Micor also produces the Common Remote Operating System, used in Iraq to reduce exposure to enemy fire for weapon operators.

The company will apply Thursday to the Decatur Industrial Development Board for a tax abatement for the planned expansion, at which time it will provide details on the timing and scope of the expansion.

In documents filed with IDB on Tuesday, Micor requested an abatement of non-educational city, county and state property taxes of $9,404 a year for 10 years. It also requested a $96,500 abatement of sales and use taxes it will incur during construction of the expansion.

“We had a tax abatement about five years ago, and it seemed to work out very well for the city, the area and us as well,” Heath said.

The previous abatement, requested in 2005 when the City Council rather than the IDB ruled on the requests, provoked controversy, especially from former City Councilman Ray Metzger.


At the time, Micor had 12 employees in rented space. The City Council ultimately approved an abatement of $16,900 in state construction-related sales and use taxes, plus an annual abatement of $3,841 for 10 years. The abatements facilitated Micor’s construction of its State Docks Road facility.

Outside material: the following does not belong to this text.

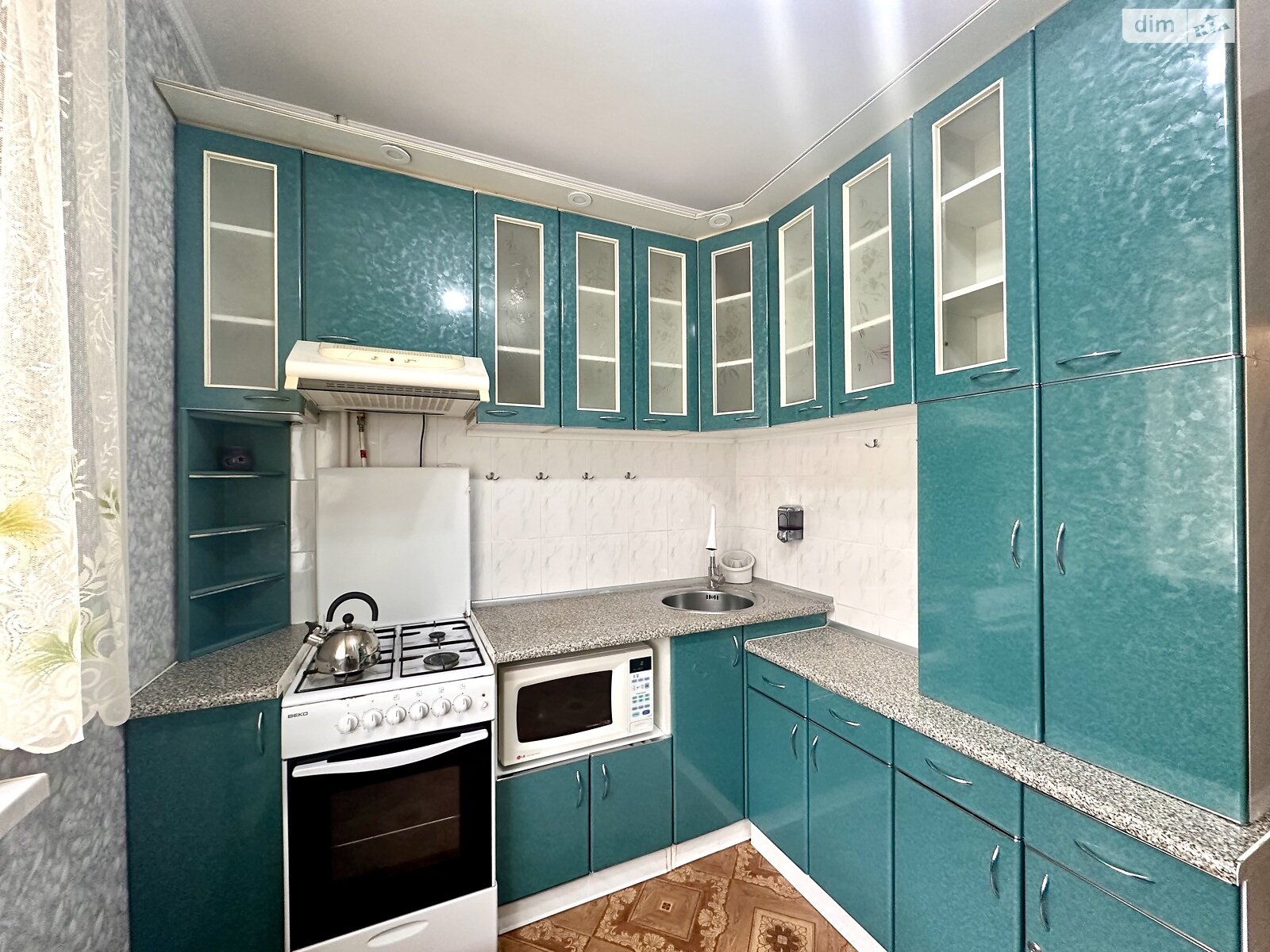 трикімнатна квартира в Миколаєві, район Північний, на вул. Архітектора Старова в довготривалу оренду помісячно фото 1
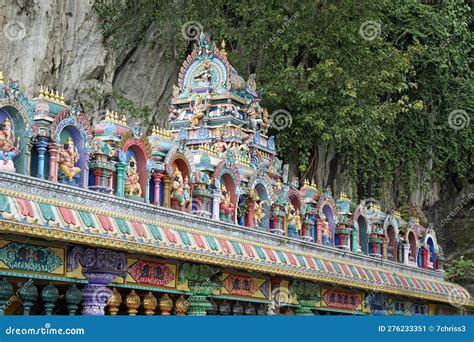  ¡El Templo Batu Caves: Un Oasis de Color y Espiritualidad en la Selva!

Micor projected it would employ 29 employees by mid-2008, but beat its estimate by 21 employees.

Barney Lovelace, the lawyer for IDB, said abatements may not be ideal, but they are sometimes necessary.

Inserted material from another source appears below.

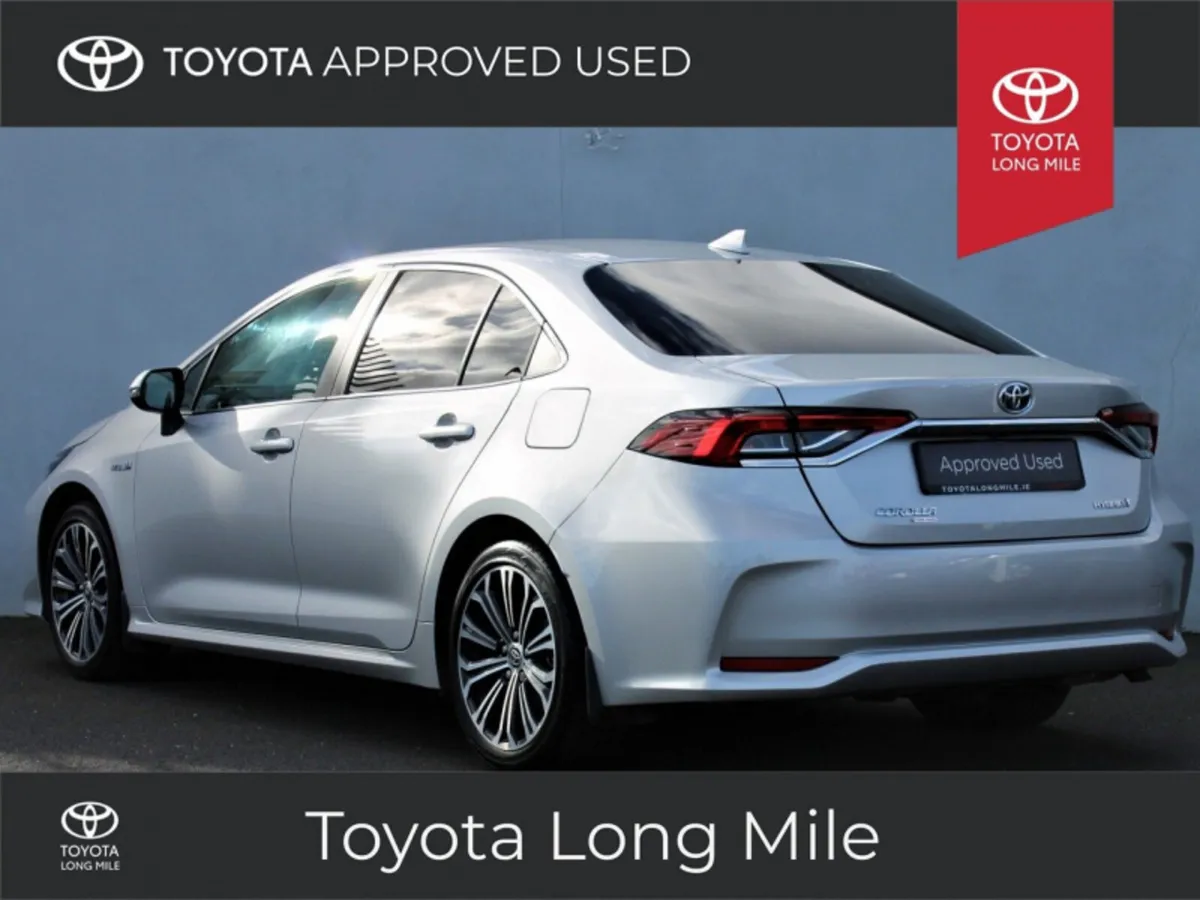 Toyota Corolla 1.8 Hybrid Luna Sport 4dr - Image 2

“As long as other states and other cities in Alabama are offering abatements, to be competitive, we will have to do the same in Decatur and Morgan County,” Lovelace said.

Jeremy Nails, president of the Morgan County Economic Development Association, said the need for abatements is not limited to out-of-town companies considering a Decatur location.

Local firms

“Supporting our local companies is important,” Nails said. “If we don’t incentivize them to create new jobs and investment in our town, some other town will certainly try to recruit them out of Decatur.”

IDB will consider Micor’s abatement request Thursday at 10 a.m. at Lovelace’s office, 214 Johnston St. S.E.